Big or small: let’s save them all: Pearson’s Correlation Coeffecient

The Pearson’s correlation (denoted by r) is the inferential test that will be used to examine the association between two quantitative variables. I previously discussed that a scatter plot is an appropriate way to visualize two quantitative variables when you want to examine the relationship between them.
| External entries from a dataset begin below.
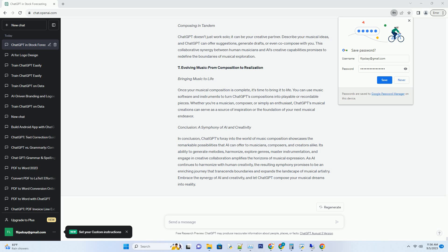As AI continues to harmonize with human creativity, the resulting symphony promises to be an enriching journey that transcends boundaries and expands the landscape of musical artistry. Embrace the synergy of AI and creativity, and let ChatGPT compose your musical dreams into reality.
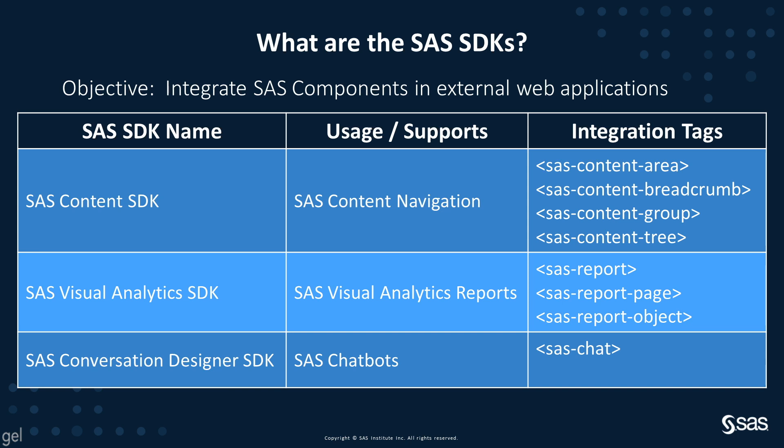For the reports, SAS provides elements to integrate a complete report or a single page of the report and even a single object. All these elements can be used to display live content or embedded content.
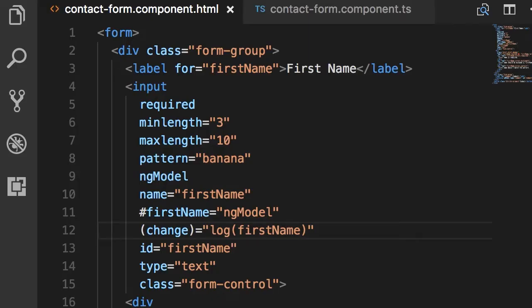So you have learned that when we apply the ngModel directive on an input field, Angular creates a form control object under the hood and associates that with this input field.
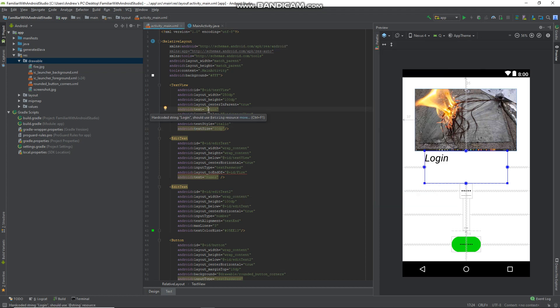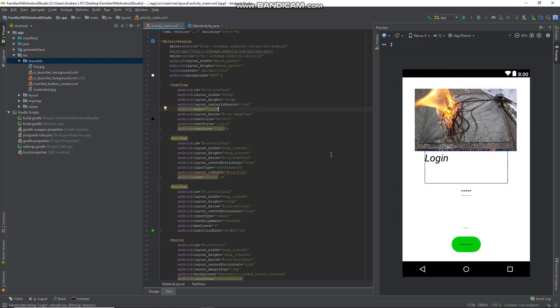Hi guys, welcome to this Android Studio tutorial. So today in this tutorial, we'll learn how to align the text inside an edit text box.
Now, let me first briefly review the scatter plot and how to interpret them. To create a scatter plot each pair of values is plotted such that the value of the explanatory variable is plotted on the X (horizontal) axis and the value of the response variable is plotted on the Y (vertical) axis.
When describing the overall pattern of the relationship we look at its direction, form and strength. The direction of the relationship can be positive, negative or neither. A positive or increasing relationship (r >0) means that an increase in one variables is associated with an increase in another variable, a negative (r<0) or decreasing relationship means that a increase in one variables is associated with an decrease in another variable.
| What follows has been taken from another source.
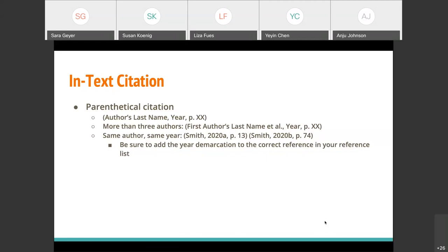Something we've been encountering more recently with a lot of the COVID research is multiple publications by the same author within the same year. APA has a handy format to differentiate between them — for example, Smith 2020A, page 13, and Smith 2020B, page 74. Just be sure that you add the year demarcation to the correct reference in your reference list, because the important thing is making sure the in-text citation leads back to the correct citation in your reference list.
Not all relationships can be classifed as positive or negative. The form of a relationship is its general shape. When identifying the form, we try to find the simplest way to describe the shape of the scatter plot. There are many possible forms. Here are a couple that are quite common. Relationships with a linear form are most simply described as points scattered about a line. Relationships with a curvilinear form are most simply described as points dispersed around the same curved line. By definition, the correlation coefficient measures a linear relationship between two quantitative variables. So at this time I won’t be concerned with curvilinear or any other possible forms a scatter plot may take. The strength of the relationship is determined by how closely the data follow the form of the relationship.

Though assessing the strength of a relationship just by looking at the scatter plot is quite problematic. We need a numerical measure to help us with that. The numerical measure that measures the strength of a linear relationship between two quantitative variables is called the correlation coefficient. And is denoted by a lower cased r. The value of r ranges from -1 to +1. Not surprisingly negative values of r indicate a negative direction for a linear relationship between the two variables. And positive values indicate a positive direction for the linear relationship. Values that are close to 0, whether they’re negative or positive. Indicate a weak linear relationship. And values that are close to -1 or close to +1 indicate a strong linear relationship. Either negative or positive.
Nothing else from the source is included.